## Activity
Please restate, word for word, the lines below that begin at the one with "Immunohistochemistry of paraffin-embedded" and end at the one with "Заболевание кожи лица розацеа". Leave out all other lines.

## Information supplied
========================================

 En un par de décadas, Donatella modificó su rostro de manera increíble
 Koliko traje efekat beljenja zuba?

========================================

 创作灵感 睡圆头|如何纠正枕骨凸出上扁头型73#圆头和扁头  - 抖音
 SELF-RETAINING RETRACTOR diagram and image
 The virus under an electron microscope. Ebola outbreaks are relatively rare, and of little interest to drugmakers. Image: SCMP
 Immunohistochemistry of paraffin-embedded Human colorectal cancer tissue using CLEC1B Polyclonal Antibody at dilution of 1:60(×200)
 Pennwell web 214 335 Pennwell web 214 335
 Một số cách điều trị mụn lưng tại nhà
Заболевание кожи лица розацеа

========================================

## Exercise response
 Immunohistochemistry of paraffin-embedded Human colorectal cancer tissue using CLEC1B Polyclonal Antibody at dilution of 1:60(×200)
 Pennwell web 214 335 Pennwell web 214 335
 Một số cách điều trị mụn lưng tại nhà
Заболевание кожи лица розацеа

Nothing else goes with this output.